Pirate alumna will also coach girls tennis during the coming school year
By Serena Guentz
Contributing Writer
Santa Ynez Valley Union High School’s varsity girls basketball team is getting Jennifer Rasmussen as its new head coach after Jason Finley stepped down from the role.
While Finley will remain an assistant coach for the varsity football team, athletic director Ashley Coelho said Finley decided to step away from the girls basketball head coach position in order to spend more time with family.
“[Rasmussen] is a very valued coach, and she will bring a lot of positive to our program,” Coelho said in an email press release. “Santa Ynez girls basketball will be in excellent hands under her leadership and we look forward to the future.”
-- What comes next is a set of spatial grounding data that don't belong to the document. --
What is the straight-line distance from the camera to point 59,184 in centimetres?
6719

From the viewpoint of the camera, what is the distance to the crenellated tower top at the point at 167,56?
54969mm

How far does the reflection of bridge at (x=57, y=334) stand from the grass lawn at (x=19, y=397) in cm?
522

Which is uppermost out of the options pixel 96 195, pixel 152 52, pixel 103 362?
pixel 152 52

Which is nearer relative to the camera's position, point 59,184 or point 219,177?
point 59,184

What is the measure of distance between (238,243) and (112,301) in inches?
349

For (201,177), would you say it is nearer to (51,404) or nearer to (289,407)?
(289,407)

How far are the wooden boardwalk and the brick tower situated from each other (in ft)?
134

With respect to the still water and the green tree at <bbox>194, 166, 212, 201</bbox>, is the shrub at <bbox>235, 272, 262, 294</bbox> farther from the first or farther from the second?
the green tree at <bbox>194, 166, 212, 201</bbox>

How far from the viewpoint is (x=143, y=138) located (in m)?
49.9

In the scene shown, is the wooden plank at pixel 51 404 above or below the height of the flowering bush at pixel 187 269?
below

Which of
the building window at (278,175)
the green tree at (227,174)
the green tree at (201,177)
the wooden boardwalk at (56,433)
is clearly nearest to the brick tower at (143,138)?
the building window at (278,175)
Not only does Rasmussen coach basketball, but she is also the head coach for the varsity girls tennis team and a teacher for both AVID and physical education at SYHS.
Rasmussen also teaches physical education and electives at Refugio High School, along with teaching tennis, basketball and archery at the YMCA, and working with race production companies to set up half marathons across the United States and Canada.
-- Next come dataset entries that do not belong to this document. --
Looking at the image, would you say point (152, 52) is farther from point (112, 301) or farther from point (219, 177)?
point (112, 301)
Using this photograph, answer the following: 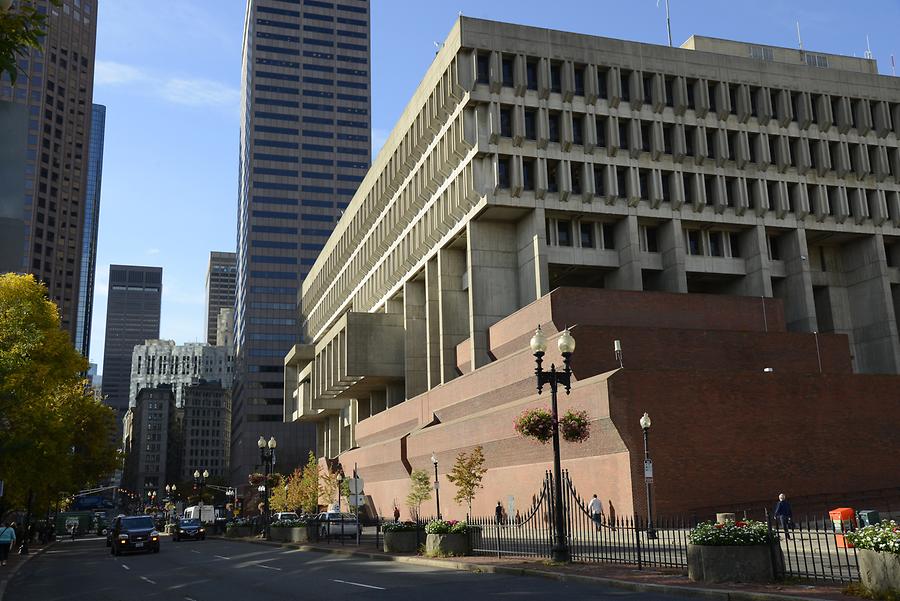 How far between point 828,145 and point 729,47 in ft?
36.3

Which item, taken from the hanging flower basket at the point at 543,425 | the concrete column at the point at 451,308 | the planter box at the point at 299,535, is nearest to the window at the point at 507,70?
the concrete column at the point at 451,308

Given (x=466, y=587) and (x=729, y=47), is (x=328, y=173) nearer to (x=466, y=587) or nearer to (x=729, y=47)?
(x=729, y=47)

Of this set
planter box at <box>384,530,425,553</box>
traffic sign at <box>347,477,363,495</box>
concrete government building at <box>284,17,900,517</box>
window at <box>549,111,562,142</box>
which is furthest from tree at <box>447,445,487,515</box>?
window at <box>549,111,562,142</box>

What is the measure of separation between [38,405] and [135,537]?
793cm

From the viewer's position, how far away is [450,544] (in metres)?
26.5

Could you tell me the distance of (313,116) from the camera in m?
172

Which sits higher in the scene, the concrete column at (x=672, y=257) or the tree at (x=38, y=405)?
the concrete column at (x=672, y=257)

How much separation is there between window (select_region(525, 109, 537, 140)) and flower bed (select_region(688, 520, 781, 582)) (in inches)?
1707

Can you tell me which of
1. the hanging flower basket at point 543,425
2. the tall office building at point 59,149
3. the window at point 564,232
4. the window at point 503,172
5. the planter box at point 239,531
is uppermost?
the tall office building at point 59,149

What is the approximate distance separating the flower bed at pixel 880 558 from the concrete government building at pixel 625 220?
28.6m

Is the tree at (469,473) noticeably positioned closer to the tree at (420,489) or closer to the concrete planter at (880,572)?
the tree at (420,489)

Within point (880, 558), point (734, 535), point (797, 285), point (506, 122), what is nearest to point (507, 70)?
point (506, 122)

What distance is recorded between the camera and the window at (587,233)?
189ft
“I am looking forward to being back on the court and coaching the game again,” Rasmussen said.
Rasmussen earned both her bachelor’s degree in kinesiology and master’s degree in education from Cal Poly San Luis Obispo, and she has been coaching for about 23 years, at all different levels.
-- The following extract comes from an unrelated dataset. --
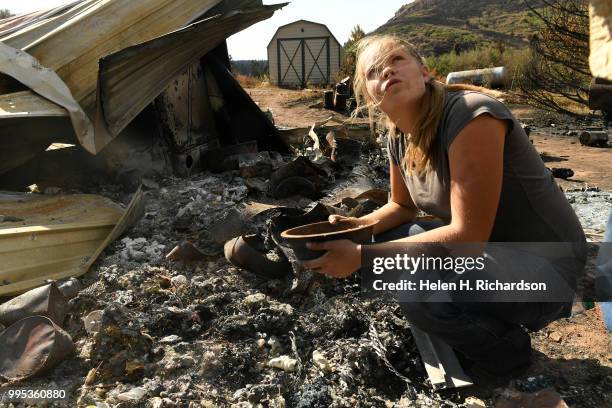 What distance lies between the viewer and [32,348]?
2283mm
Rasmussen said she has been playing basketball since she was about 8 or 9 years old, starting with local Elks programs, and she has been playing tennis since she was 5 years old, continuing to play at SYHS and through college.
Before graduating from SYHS in 1992, Rasmussen played on the varsity girls basketball team under the coaching of CIF Southern Section Hall of Fame Coach JoAnn Reck, who has served as a role model and mentor to Rasmussen throughout her life.
“She was a mentor that got me into the teaching profession,” Rasmussen said about Reck. “I look up to her and her work ethic and philosophy.”
Rasmussen said Reck helped her get to where she is now with recommendation letters for colleges and jobs, and even by helping her return to SYHS as Rasmussen coached basketball with Reck for about 14 years starting in 1999.
“I’m just bringing back some of her philosophies and organization and team-building,” Rasmussen said.
While girls basketball is a winter sport at SYHS and girls tennis is a fall sport, preseason conditioning and other practices for both sports means Rasmussen will be busy with one or both of the teams year-round.
“Coaching [both] is going to be a challenge,” Rasmussen said, but expressed excitement in returning to what she did as a student. “Cross-training is so important for athletes.”
As Rasmussen coaches both basketball and tennis, she will come full circle with her time as a student athlete when she played both sports at SYHS.
She said that she encourages her players to play multiple sports throughout the year as they seem to enjoy it and studies have shown that students who remain busy with activities in school tend to have higher grade point averages.
In addition to coaching and teaching, Rasmussen has three children, ages 8, 10 and 19 years old, that she is raising with her husband.
Rasmussen said that all of her children play and enjoy sports, and her family has become very involved in the teams she coaches over the years.
She said her husband often records statistics and videos during games, and her children help at team practices as well.
“It’s a family affair,” Rasmussen said, adding that she believes it’s the only way she could do this.
Along with Rasmussen as the head coach, Kelley Carter is the assistant coach for the varsity girls basketball team and Taulbee McGinnis is the head coach for the junior varsity girls basketball team at SYHS.
Rasmussen said that she looks forward to “having fun and building a family with the girls.”
“I care about them,” Rasmussen said. “I enjoy the team bonding and camaraderie.”